◆ **Task to complete**:
Range to repeat from the listing below: the line containing "特价美式实木床新款布艺软床卧室双人床美式法式复古床高背床" down to the line containing "Eco-Friendly Wildflowers Arabic", both included. Copy it exactly, pictures excluded, and add nothing else.
▼▼▼
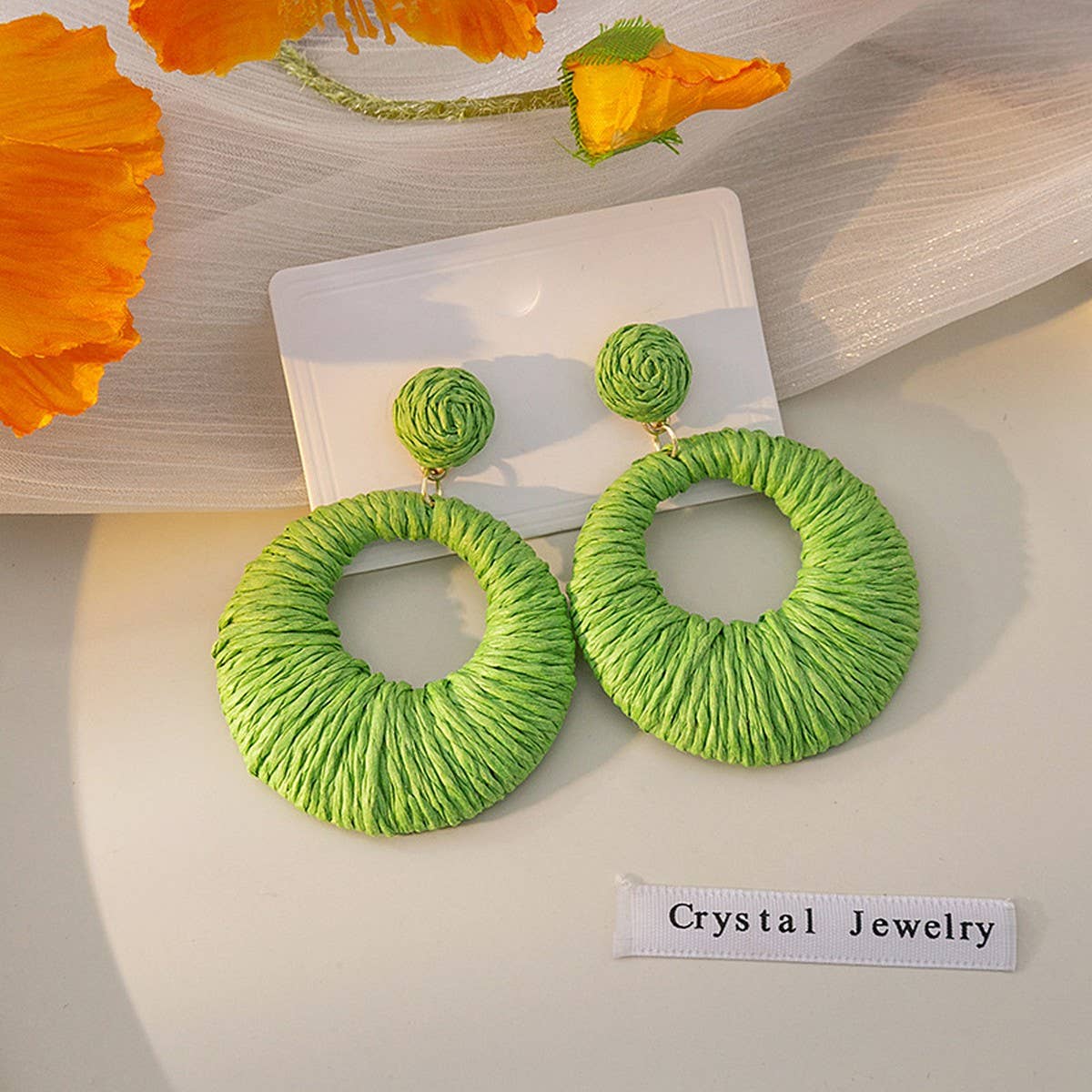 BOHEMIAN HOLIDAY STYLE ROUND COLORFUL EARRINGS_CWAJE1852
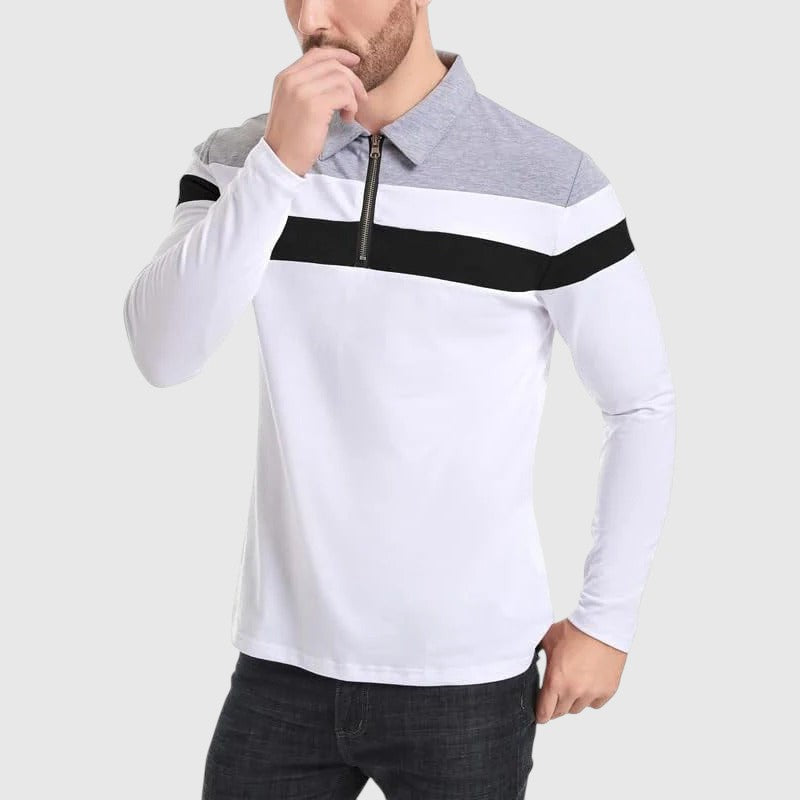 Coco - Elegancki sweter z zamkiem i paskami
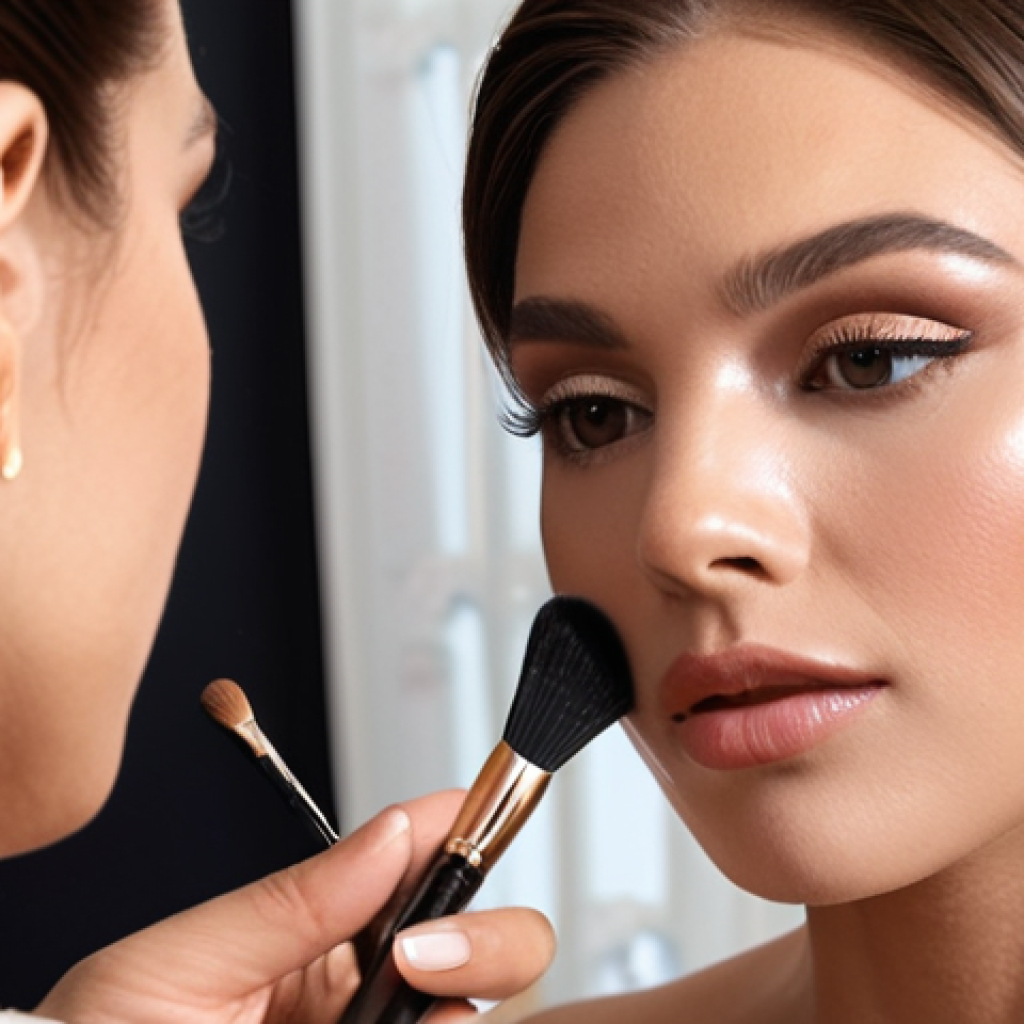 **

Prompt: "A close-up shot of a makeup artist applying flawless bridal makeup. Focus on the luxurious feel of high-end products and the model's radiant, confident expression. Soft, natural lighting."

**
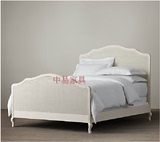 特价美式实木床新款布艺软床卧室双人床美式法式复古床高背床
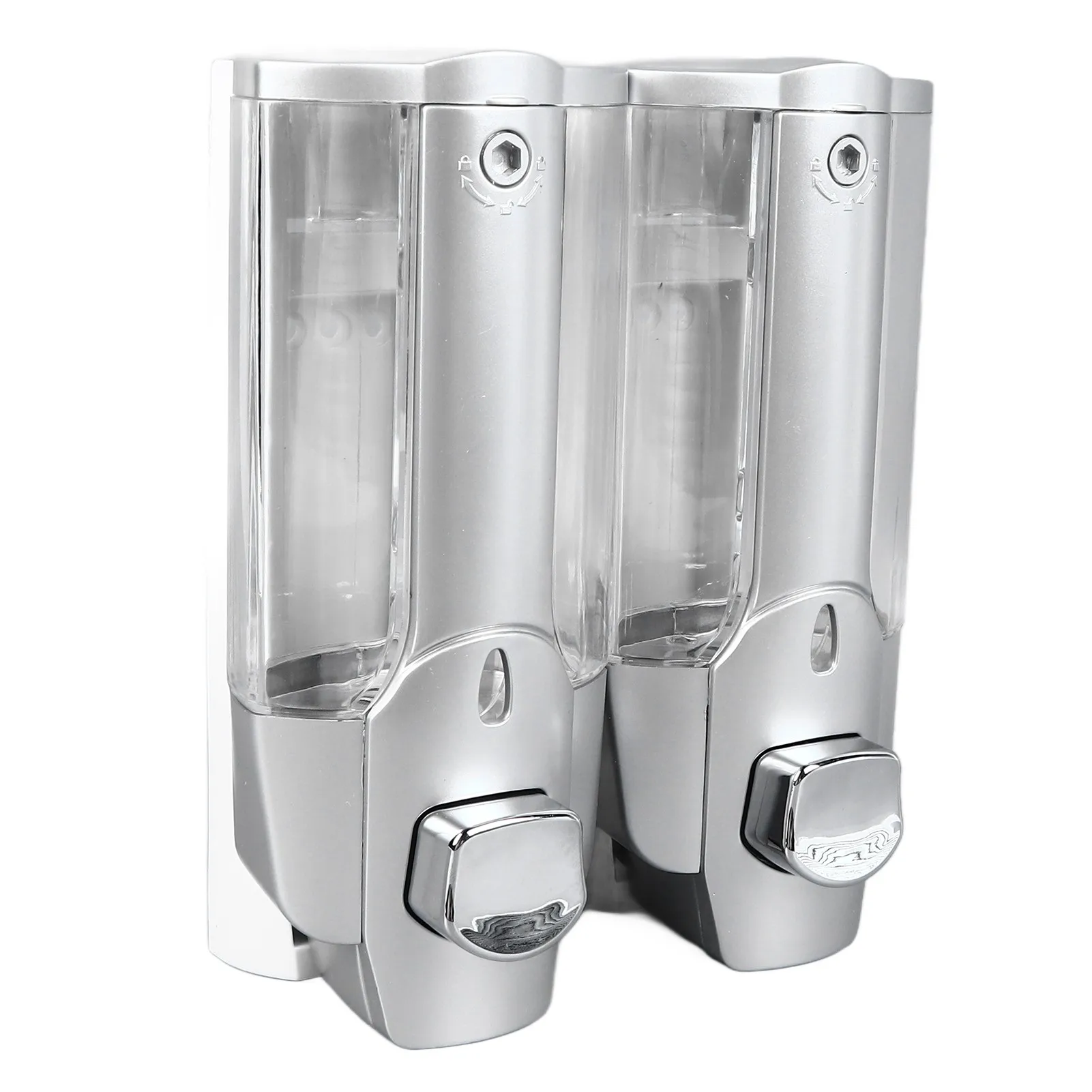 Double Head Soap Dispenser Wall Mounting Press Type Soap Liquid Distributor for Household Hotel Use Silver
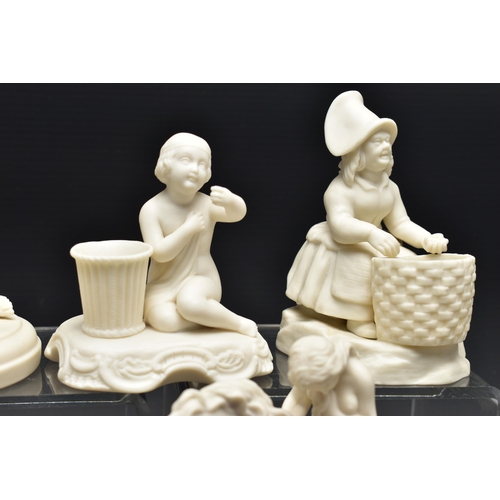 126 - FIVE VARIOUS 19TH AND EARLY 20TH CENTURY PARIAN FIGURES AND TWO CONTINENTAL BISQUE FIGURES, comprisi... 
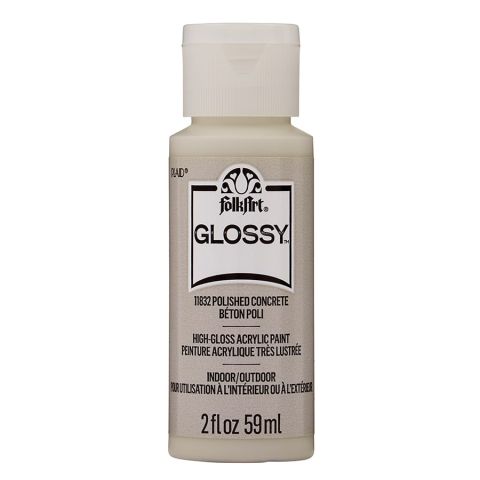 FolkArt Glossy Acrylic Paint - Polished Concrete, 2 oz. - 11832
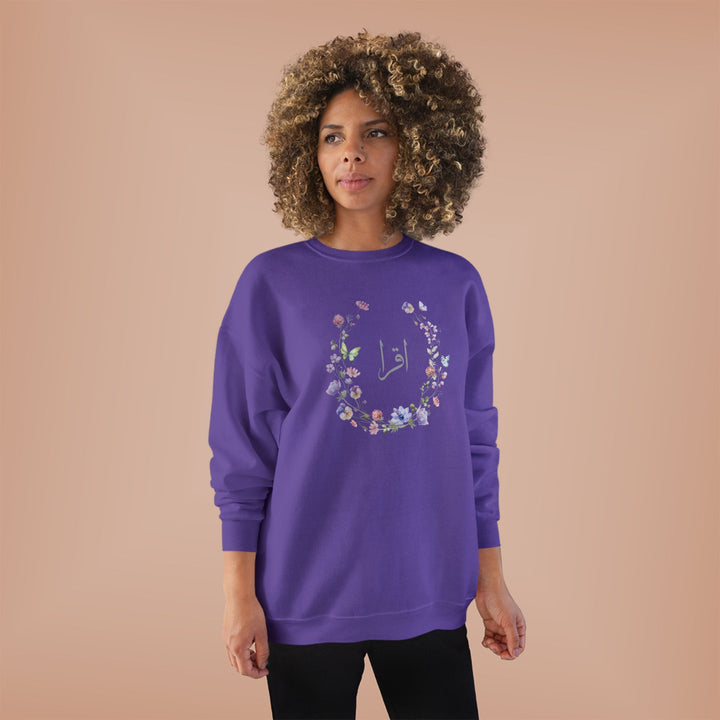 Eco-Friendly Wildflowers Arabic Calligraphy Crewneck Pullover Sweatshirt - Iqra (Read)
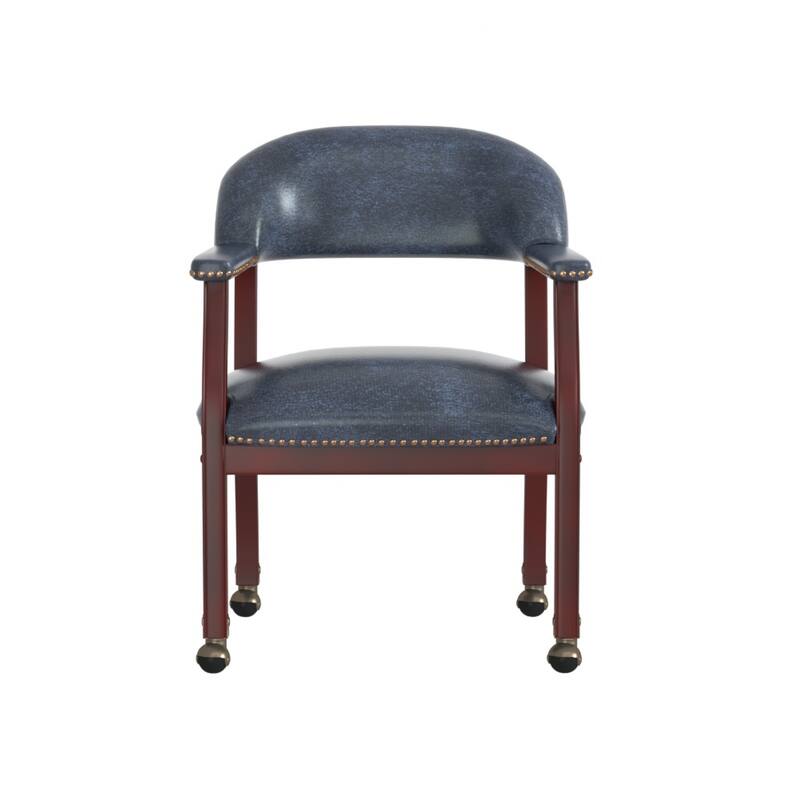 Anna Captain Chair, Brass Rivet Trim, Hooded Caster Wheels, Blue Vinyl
▲▲▲
◆ **Answer to this problem**:
 特价美式实木床新款布艺软床卧室双人床美式法式复古床高背床
 Double Head Soap Dispenser Wall Mounting Press Type Soap Liquid Distributor for Household Hotel Use Silver
 126 - FIVE VARIOUS 19TH AND EARLY 20TH CENTURY PARIAN FIGURES AND TWO CONTINENTAL BISQUE FIGURES, comprisi... 
 FolkArt Glossy Acrylic Paint - Polished Concrete, 2 oz. - 11832
 Eco-Friendly Wildflowers Arabic Calligraphy Crewneck Pullover Sweatshirt - Iqra (Read)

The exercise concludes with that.